Columbanus was brought to the coast; but the attempt to ship him to Ireland miscarried, and he was allowed to go the way of his choice. We find him next laboring among the heathen population in the region of Zurich, and a little later at Bregenz. Anticipating an outbreak of violence in the latter place, he crossed over into the Lombard territory in Italy, and founded the celebrated monastery of Bobbie, near Pavia.

Among the writings of Columbanus, his letters to the Roman Bishop are not the least interesting. Notwithstanding the superabundance of complimentary phrases which they contain, their undertone bespeaks a man who would exercise his own discretion in taking commands from Rome.
1 The freedom with which he addressed Boniface IV. may be seen from the following extracts:--
"Vigila itaque, quæso, papa, vigila; et iternm dico: vigila; quia forte non bene vigilavit Vigilius, quem caput acandali isti clamant, qui vobis culpam injiciunt."
"Dolendum enim ac deflendum est, si in sede apostolica fides catholica non tenetur."
"Roma orbis terrarum caput est ecclesiarum, salva loci dominicæ, resurrectionis singulari prærogativa, et ideo sicut magnus honor vester est pro dignitate cathedræ, its magna cura vobis necessaria est, ut non perdatis vestram dignitatem propter aliquam perversitatem. Tandiu enim potestas apud vos erit, quandiu recta ratio permanserit: ille enim certus regni cœlorum clavicularius est, qui dignis per veram scientiam aperit, et indignis claudit. Alioquin, si contraria fecerit, nec aperire, nec claudere poterit."
"Rogo vos, quia multi dubitant de fidei vestræ puritate, ut cito tollatis hunc nævum de sanctæ cathedræ claritate." (Epist. v.)

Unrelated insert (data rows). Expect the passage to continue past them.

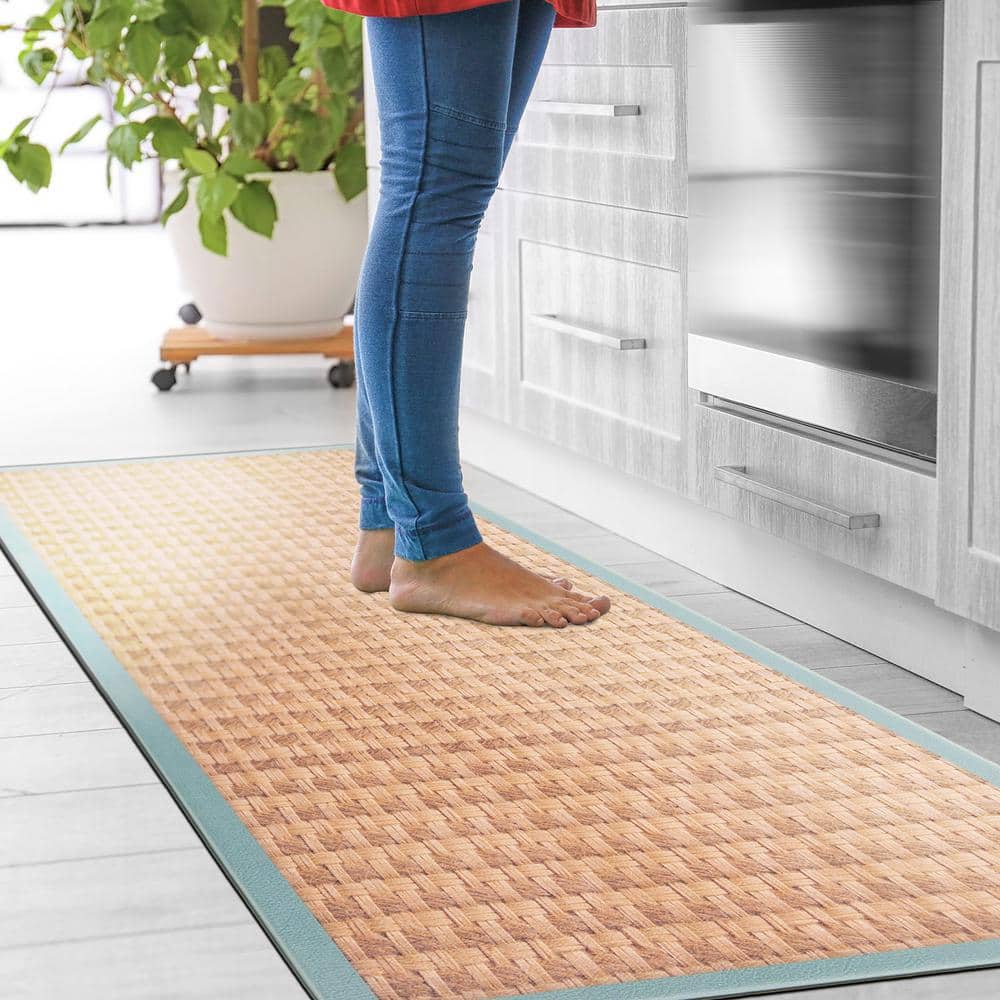 Natural Border Blue and Beige Anti-Fatigue Standing Mat 18"x47"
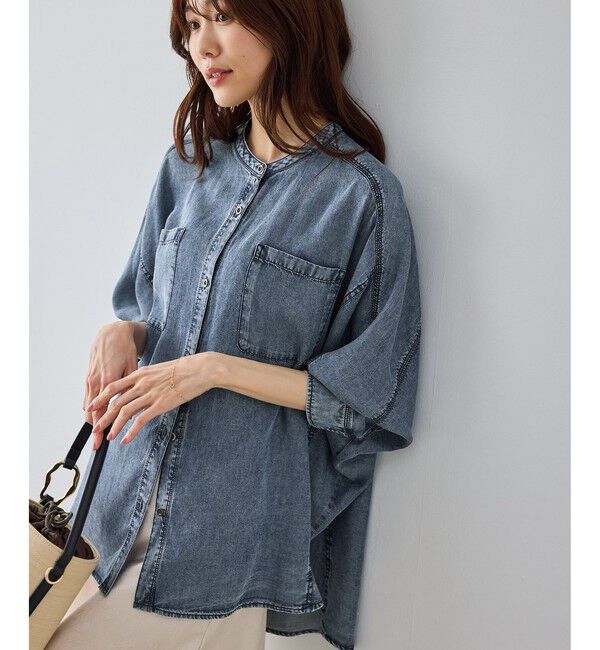 Rope&rsquo;Picnic「【emur/エミュール】パウダーシルクデニムドルマンブラウス/セットアップ」|シャツ・ブラウス|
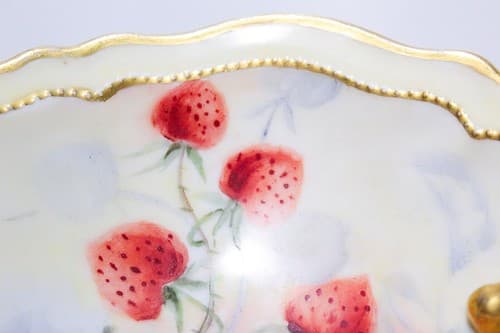 Antique Hand Painted ROYAL AUSTRIA Stawberry Gilt Handled Porcelain Serving Dish - Thumbnail 2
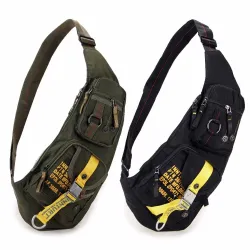 Waterproof nylon crossbody shoulder bag - backpack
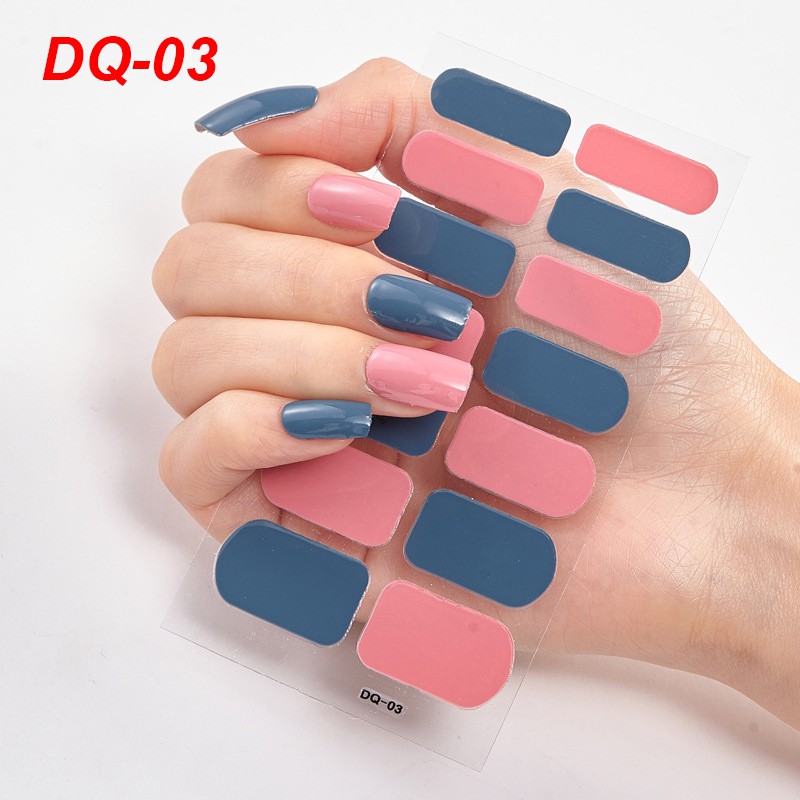 Set 14 Nhãn Dán Móng Tay Diy 3d Thời Trang Mã Dq01-18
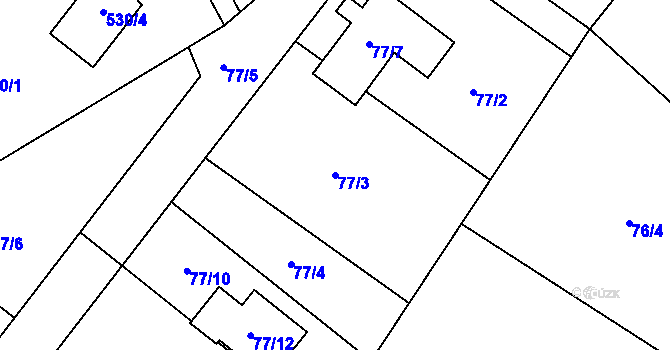 Parcela st. 77/3 v KÚ Vilsnice, Katastrální mapa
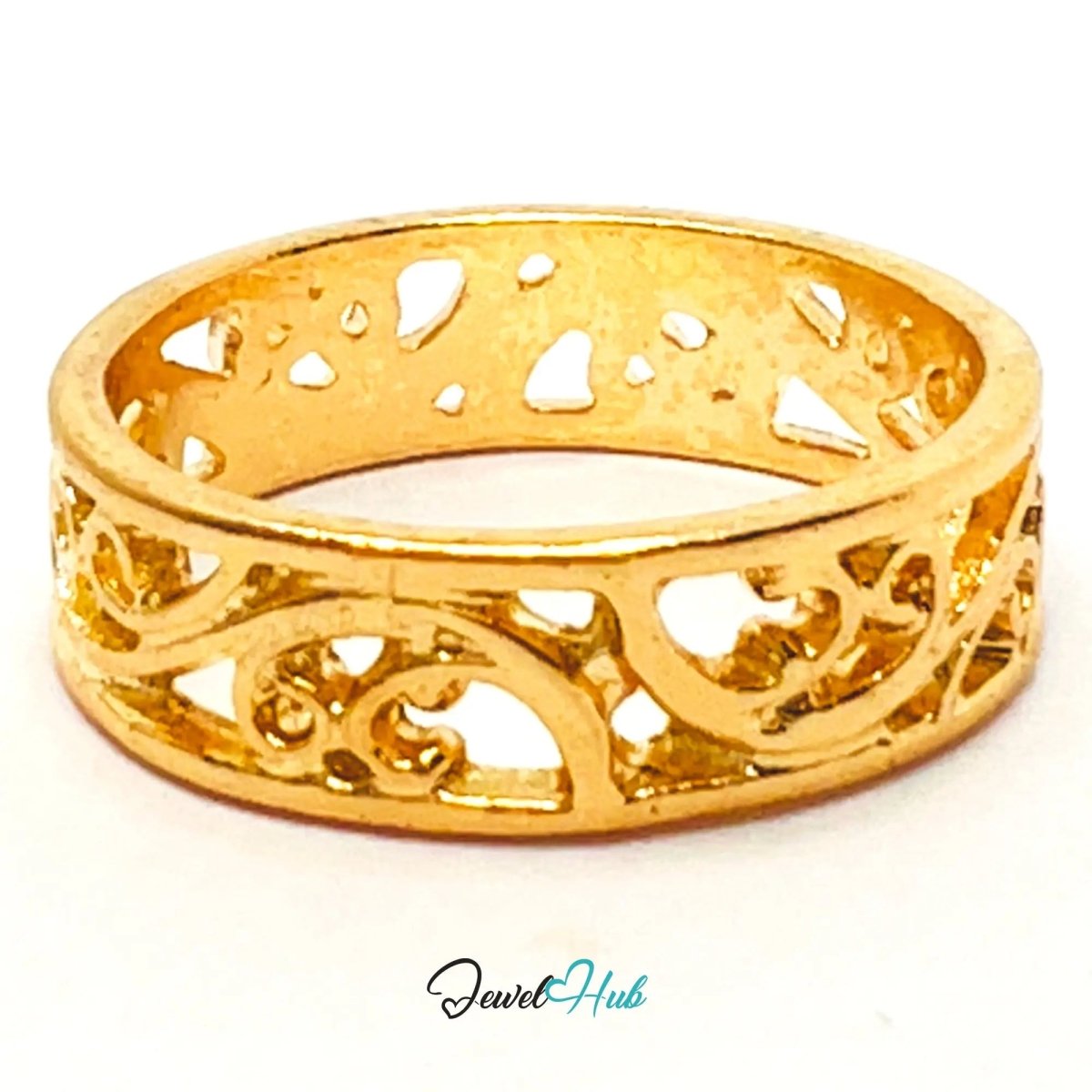Gold Lattice Band Ring ◼️ Zinc Alloy · UK N · US 7 · Sculptural Cutout Motif · Polished Gold Finish - JewelHub.co.uk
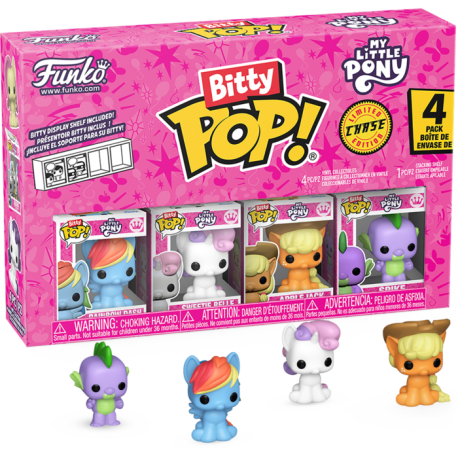 My Little Pony - Rainbow Dash, Sweetie Belle, Applejack & Spike Bitty Pop! Vinyl Figure 4-Pack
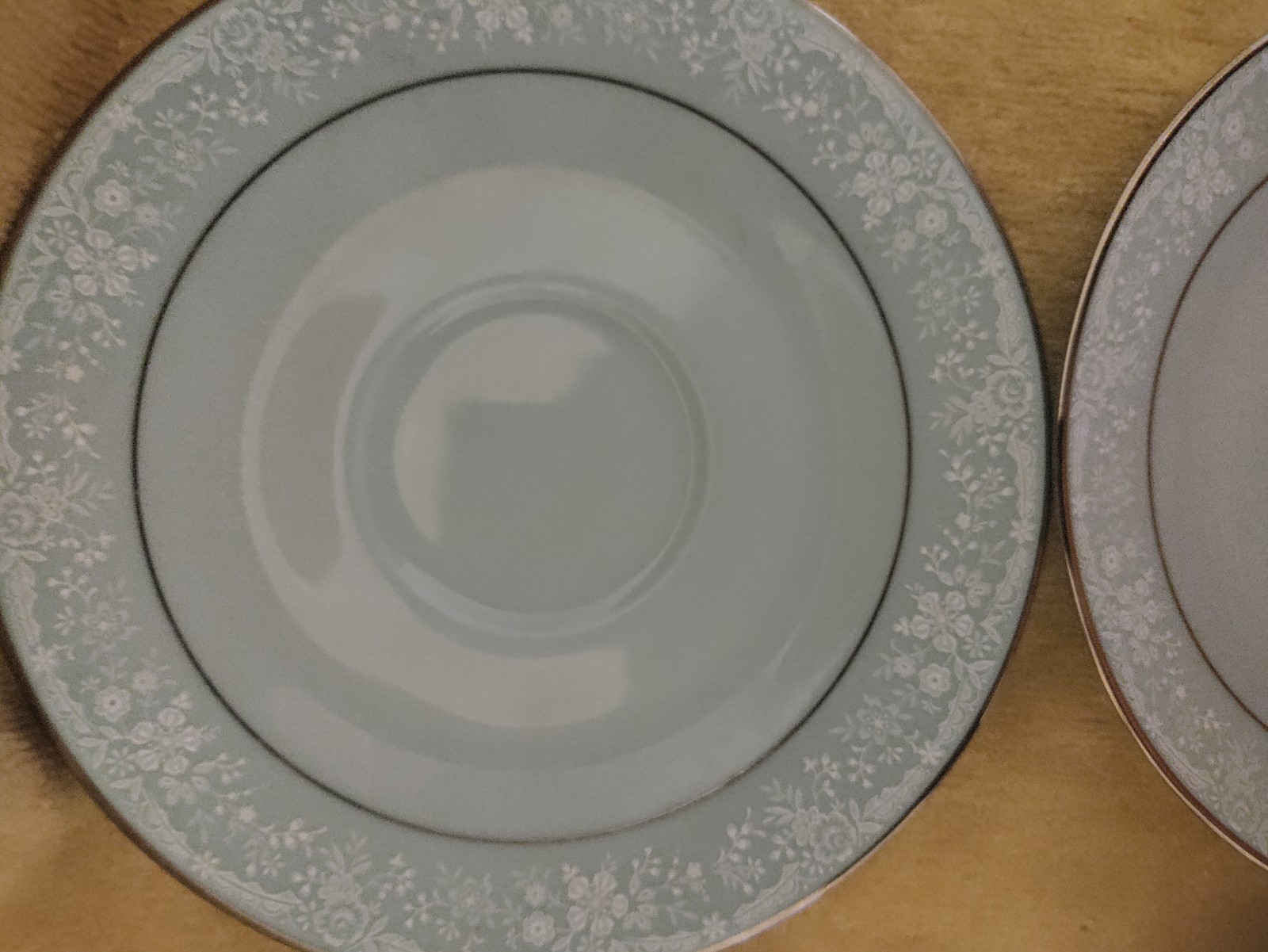Noritake China Fidelity 4 Cup & 4 Saucers Baby Blue With Gold Trim 8003 W81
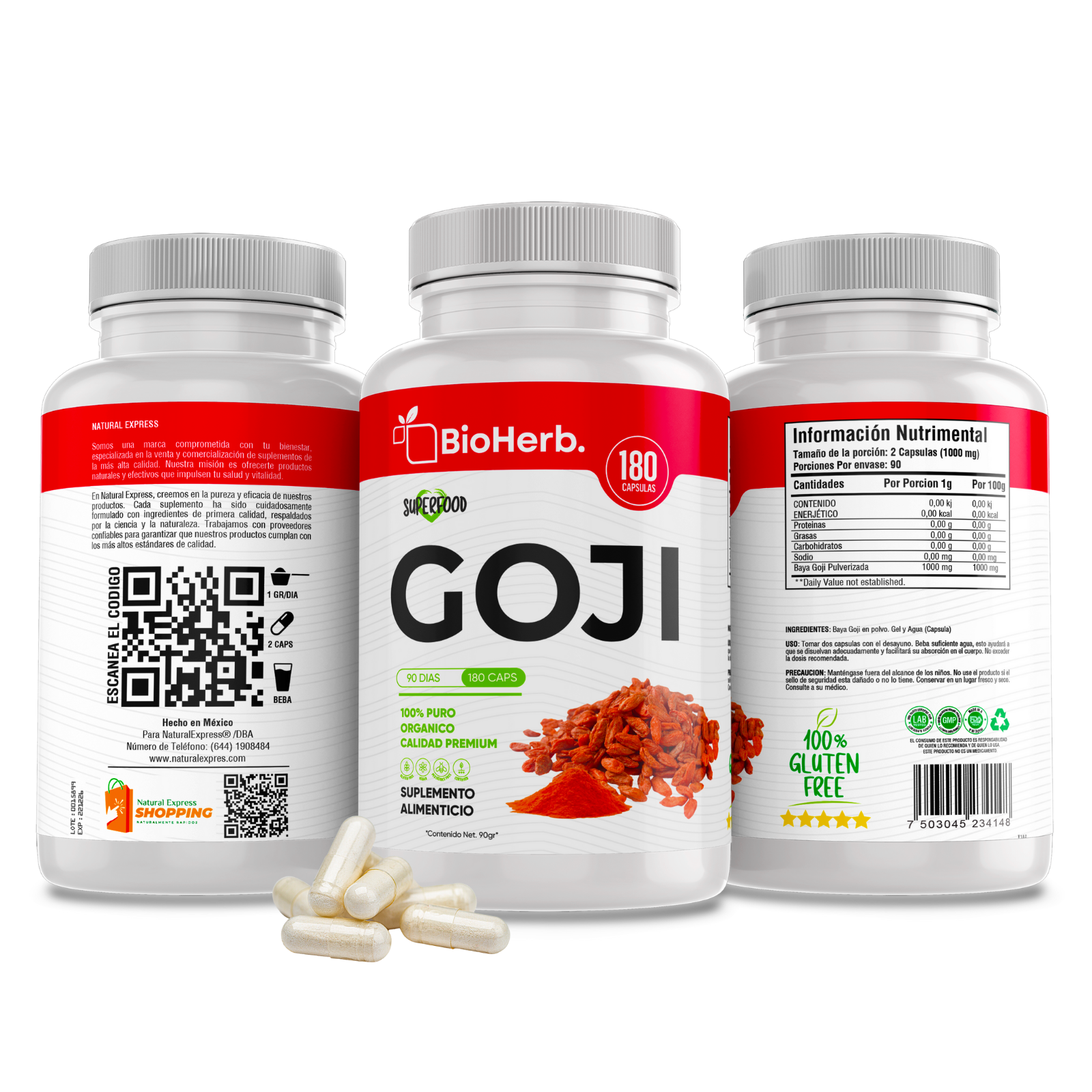 Baya Goji 100% Puro (180 Capsulas 500mg) |ORGANICO | NATURAL | Para 90 Dias | - Organic Goji Extract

As Columbanus proceeded to Italy, his most distinguished companion, Gallus (St. Gall), was detained by sickness. Continuing in that region, he founded the monastery which bore his name, and labored for the conversion of the Swiss and the Swabians till his death (640-650). A weird story symbolizes the impression made by his attack upon heathenism. As he was fishing one silent night -- so the legend runs -- on a Swiss lake near his monastery, he heard a voice descending from a neighboring peak. It was the Spirit of the Mountains calling upon the Spirit of the Waters to join in expelling the intruder. The Spirit of the Waters rose from the depths, and responded to the summons; but in a tone of failing confidence, as of one confessing himself baffled by the prevailing Name which the intruder was perpetually invoking.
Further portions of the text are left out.